It is dirty, it is cheap, it is nasty - coal is responsible for around half of all carbon emissions globally. But it is also essential. It is used to generate 41% of the world's electricity and that figure looks likely to remain more or less constant for the next 10 years at least. How does this impact Africa's biggest producer of coal, South Africa? M J Morgan discusses.

South Africa produces 98% of Africa's coal. In 2007, it produced about 244 million tonnes (mt), a quarter of which was exported and much of the rest, about 120mt, used for power generation - mostly by the state-owned power utility, Eskom. Eskom is the 11th largest generator of electricity in the world, producing 95% of South Africa's electricity and about 60% of all that produced in Africa as a whole.


Eskom's ability to serve South Africa's power needs has been severely under strain in the last two years, with the mining industry brought to a standstill in January last year when force majeur was declared and rolling blackouts, or load shedding, was introduced as an emergency measure.

The disruption caused was enormous, as were mining losses - mines cannot be simply switched off and on, so even a one-day power cut can result in several days of lost production. Two of Eskom's major coal suppliers, Anglo American and BHP Billiton, forced into a five-day close-down, were among those affected. However, load shedding was discontinued at the end of May 2008, but the downturn in the global economy, leading to the South African economy contracting 6.5% in the first quarter of this year, has led to the mothballing of a number of mines.

Demand for electricity is lower than it was but Eskom itself has forecast that demand is likely to exceed supply until 2013 - by when it hopes to have a number of new coal-fired power stations on line.

Critics have questioned Eskom's explanation for the load shedding, pointing to the unplanned outages - a whopping 24% of available capacity - which may have been caused by the increasing amount of coal now bought on the spot market (20% in 2007) rather than using more reliable fixed contracts. A government report on the topic in January 2008 even cited " problems with coal supply" as a cause.
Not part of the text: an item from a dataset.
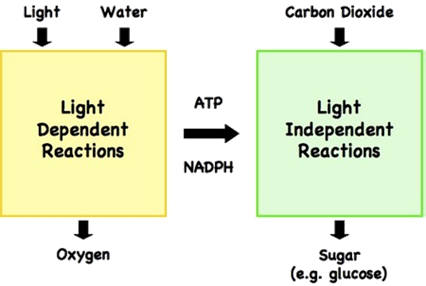 http://www.vce.bioninja.com.au/_Media/photosynthesis_reactions_med.jpeg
In fact, an Eskom official admitted that heavy rain in Mpumalanga province, where most of Eskom's coal-fired power stations are located, had turned the coal into mud which needed to be dried before it could be burned. Additionally, reserves of coal appear to have been allowed to run perilously low, exacerbating the problem.

But the prospects of increased supply in the future were boosted this May with the announcement that Eskom had raised [euro]530m ($750m) from a syndicate of seven European banks. "This loan will be used to fund part of the foreign content of the Medupi boiler contract with Hitachi Power Europe, and forms part of Eskom's ongoing funding activities for its investment in infrastructure," a spokesman for the utility commented.

The R100bn ($12.43bn) Medupi coal-fired power station is being built near Lephalale in Limpopo province. It is due to open in 2012 and will provide 4,800MW of electricity. Eskom has contracted with Exxaro to purchase 14.6mt of coal a year for 40 years from the company's Grootegeluk coal mine, the largest coal benefaction site in the world. Exxaro is South Africa's largest black-controlled mining group, created by the split of Kumba Resources into Exarro and Kumba Iron Ore. The government has also approved guarantees worth $21.86bn over the next five years but, despite the likelihood of it agreeing an Eskom-proposed 34% increase in power tariffs next year, the company has warned that a massive increase of 90% this year, and 50% the following year, may be required if additional funding is not forthcoming.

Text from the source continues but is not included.